The power consumed by a bulb is related to its resistance and voltage. Since both the 100-W and 25-W bulbs are made for the same voltage, their resistances must be different. Let's denote the resistance of the 100-W bulb as $R_{100}$ and the resistance of the 25-W bulb as $R_{25}$.

The power consumed by a bulb can be written as:

$P = \frac{V^2}{R}$

where $P$ is the power, $V$ is the voltage, and $R$ is the resistance.
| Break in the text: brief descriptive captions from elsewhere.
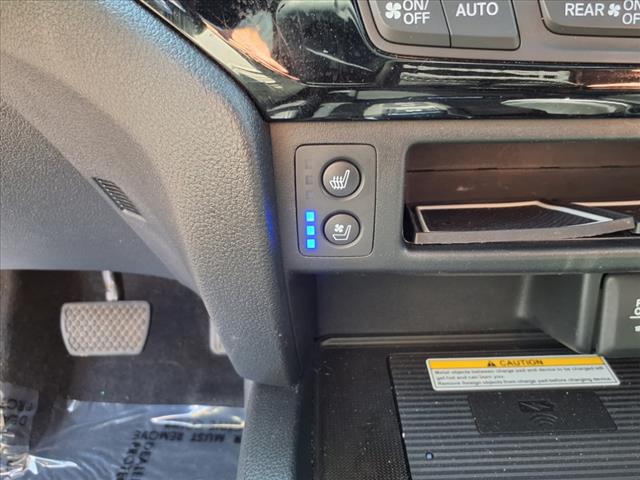 2022 Honda Passport Elite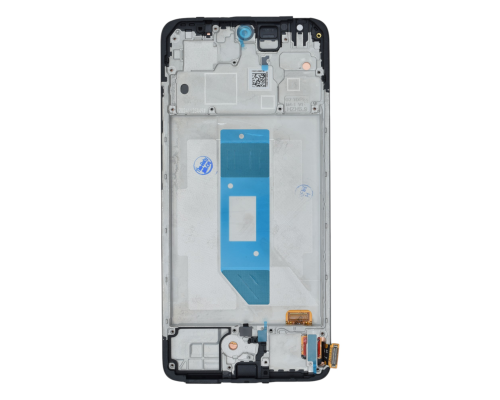 Дисплей Xiaomi Redmi Note 14 4G з сенсором та рамкою black (Original China) (Глобальна версія) PLS-00-00137234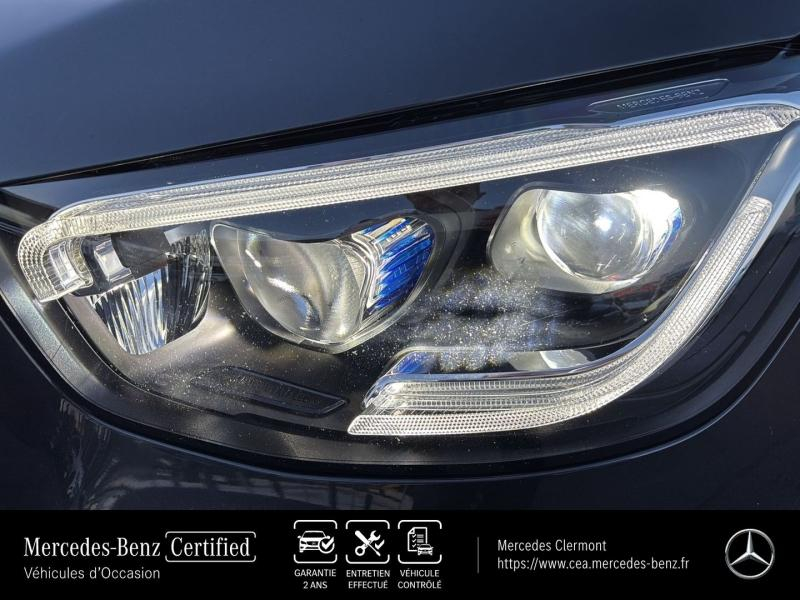 Photo 11 de l’annonce de MERCEDES-BENZ GLC d’occasion à vendre à AUBIÈRE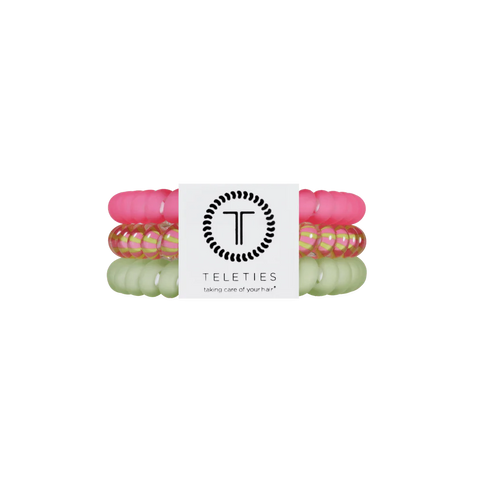 Summer Crush Hair Ties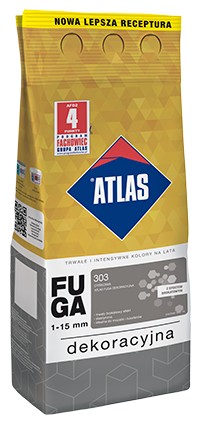 Atlas Fuga Dekoracyjna 2kg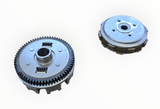 Honda CB125F GLR125 complete clutch basket hub plate spring detail image 2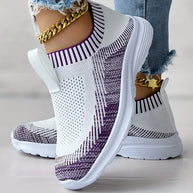 WW | Bequeme Orthopädische Sneakers Für Frauen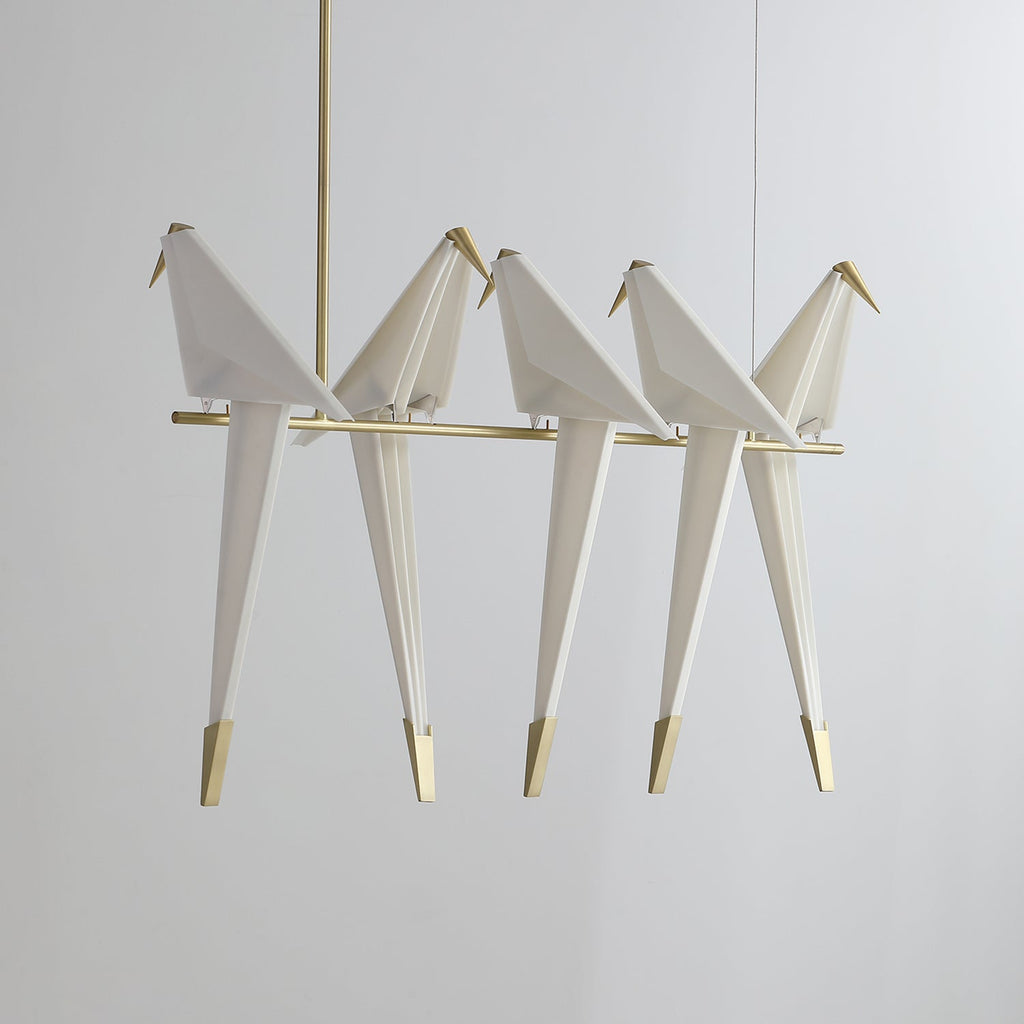 Irinor Individual Creativity Metal Chandelier - Neutralighting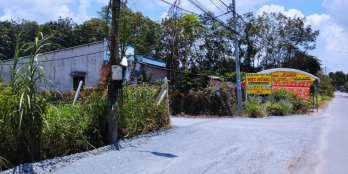 Bán 110m2 Nguyễn Văn Khạ TT Củ Chi, 1 tỷ 500 triệu, SHR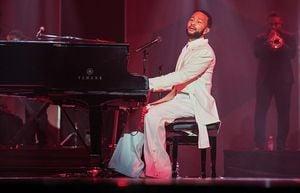 John Legend Announces Get Lifted 20th Anniversary Tour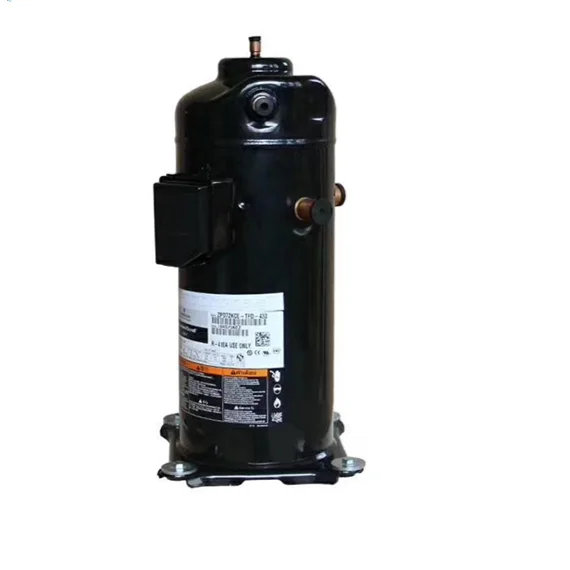 New Hermetic Scroll Compressor ZP120KCE-TFD-425 for HVAC Parts Copeland R410A High Pressure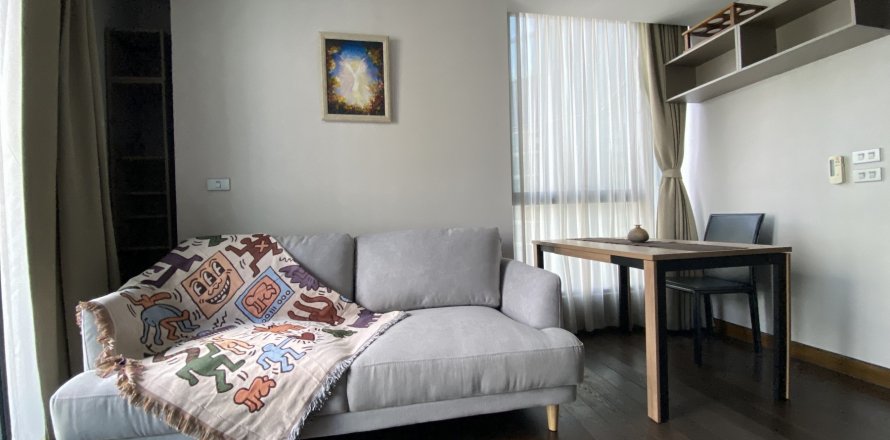 Кондоминиум с 2 спальнями в Бангкоке, Таиланд № 144012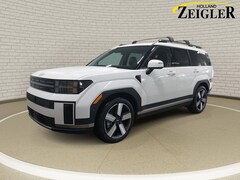 2026 Hyundai Santa Fe Hybrid Limited SUV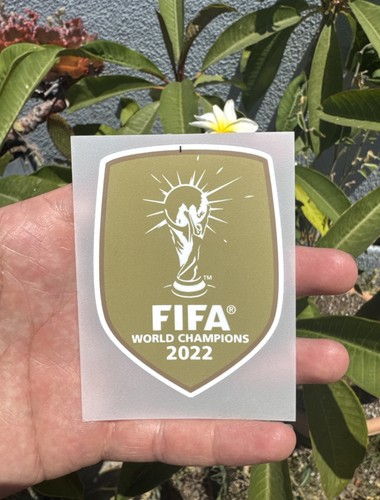 Fifa world cup champions 2022 - world,
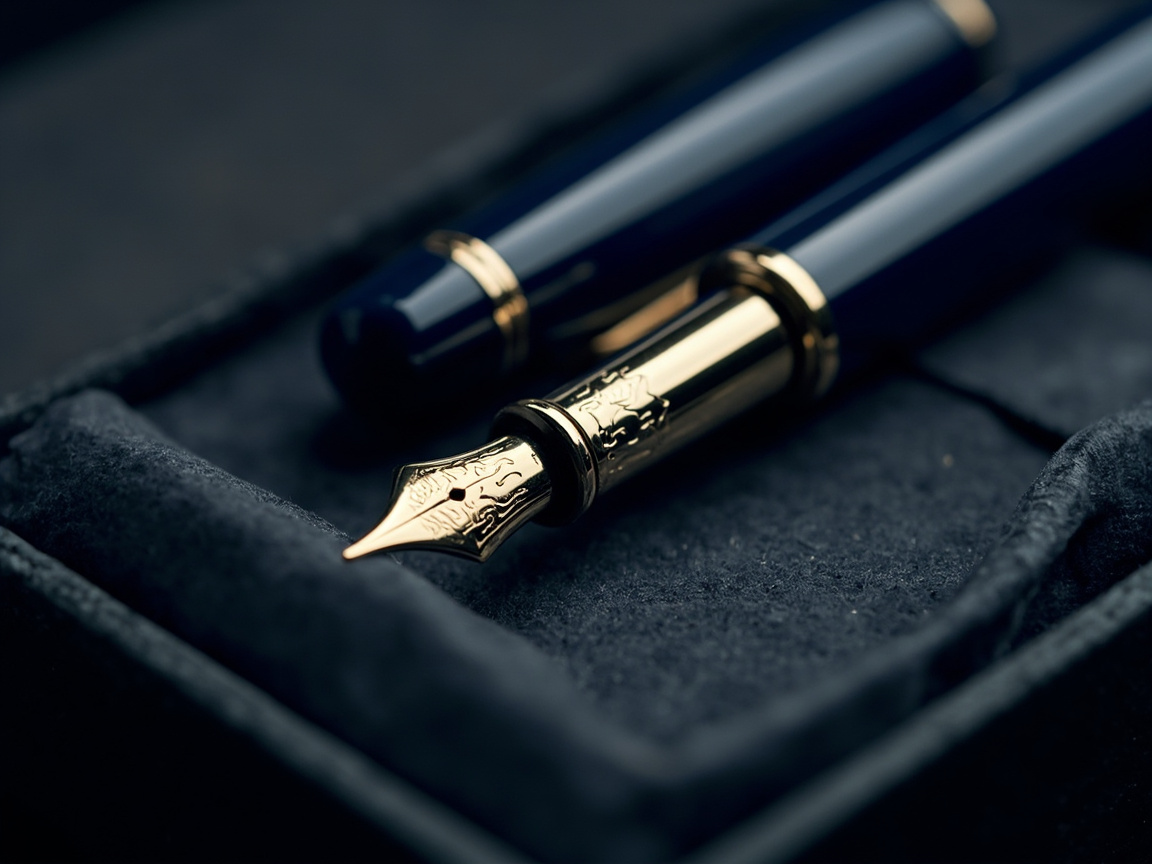 Fountain Pen Gift Set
Since the filaments of the bulbs are made of the same material and have the same length, the resistance is directly proportional to the length of the filament and inversely proportional to the cross-sectional area of the filament. Let's denote the diameter of the 25-W bulb as $d_{25}$ and the diameter of the 100-W bulb as $d_{100}$.

The cross-sectional area of the filament is proportional to the square of its diameter. Therefore, we can write:

$R_{100} = k \cdot \frac{l}{(d_{100})^2}$

$R_{25} = k \cdot \frac{l}{(d_{25})^2}$

where $k$ is a constant and $l$ is the length of the filament.

Since the bulbs are made for the same voltage, we can write:

$\frac{V^2}{R_{100}} = \frac{V^2}{R_{25}}$

Substituting the expressions for $R_{100}$ and $R_{25}$ and simplifying, we get:

$\frac{(d_{100})^2}{(d_{25})^2} = \frac{100}{25}$

$\frac{d_{100}}{d_{25}} = \sqrt{\frac{100}{25}} = \sqrt{4} = 2$

So, the ratio of the diameter of the 100-W bulb to that of the 25-W bulb is 2:1.

The correct answer is option (C) : 2:1